▸ Exercise description:
Pictures are to be dropped, and only the lines from the one containing "Schmuckherstellung von Justinstones" through the end of the data below are to be reproduced as written.
Segment Start: Given data
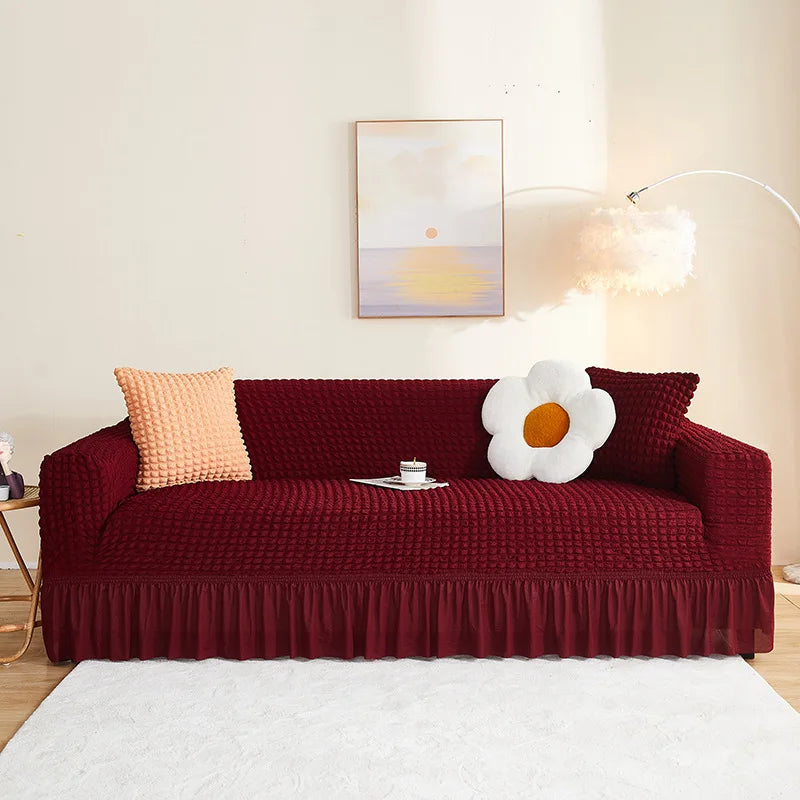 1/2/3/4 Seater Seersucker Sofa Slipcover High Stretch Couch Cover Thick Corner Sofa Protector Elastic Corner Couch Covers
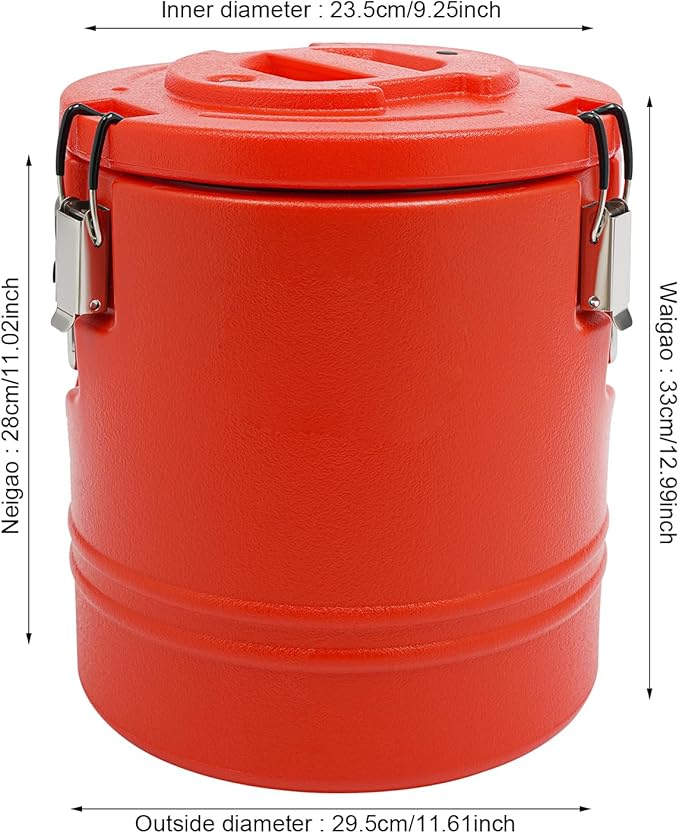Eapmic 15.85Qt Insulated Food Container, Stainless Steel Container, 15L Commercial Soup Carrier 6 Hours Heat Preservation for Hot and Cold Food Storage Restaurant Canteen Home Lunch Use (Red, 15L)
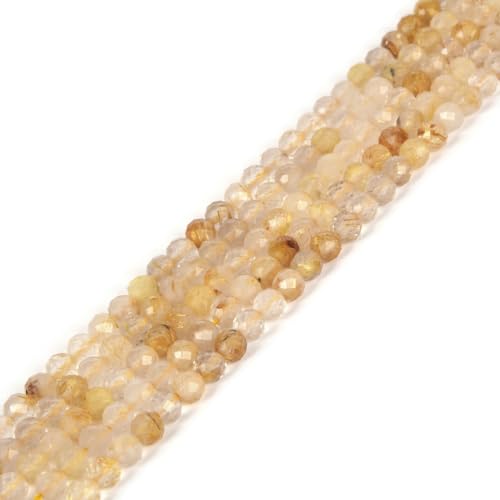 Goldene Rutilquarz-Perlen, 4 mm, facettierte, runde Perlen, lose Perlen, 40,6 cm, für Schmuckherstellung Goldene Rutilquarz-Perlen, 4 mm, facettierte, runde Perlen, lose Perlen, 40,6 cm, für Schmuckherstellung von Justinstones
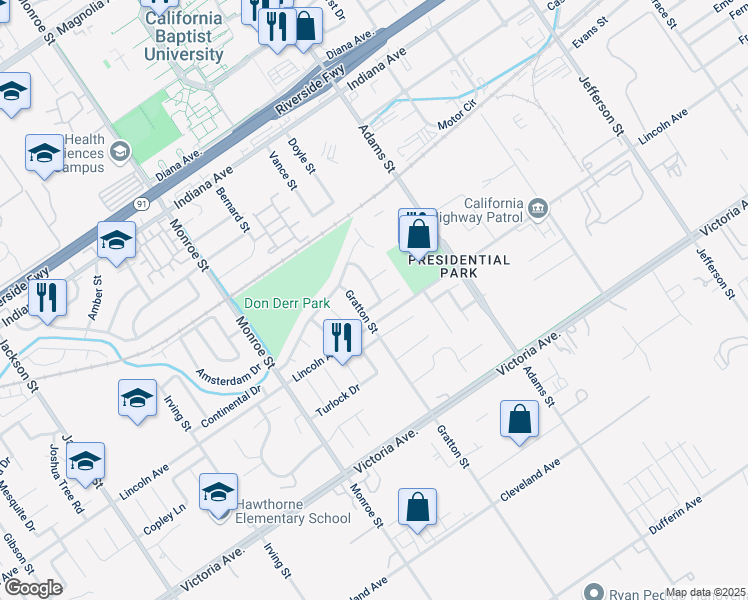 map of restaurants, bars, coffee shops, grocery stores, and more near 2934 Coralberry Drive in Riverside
Segment End: Given data
▸ Exercise result:
 Goldene Rutilquarz-Perlen, 4 mm, facettierte, runde Perlen, lose Perlen, 40,6 cm, für Schmuckherstellung Goldene Rutilquarz-Perlen, 4 mm, facettierte, runde Perlen, lose Perlen, 40,6 cm, für Schmuckherstellung von Justinstones
 map of restaurants, bars, coffee shops, grocery stores, and more near 2934 Coralberry Drive in Riverside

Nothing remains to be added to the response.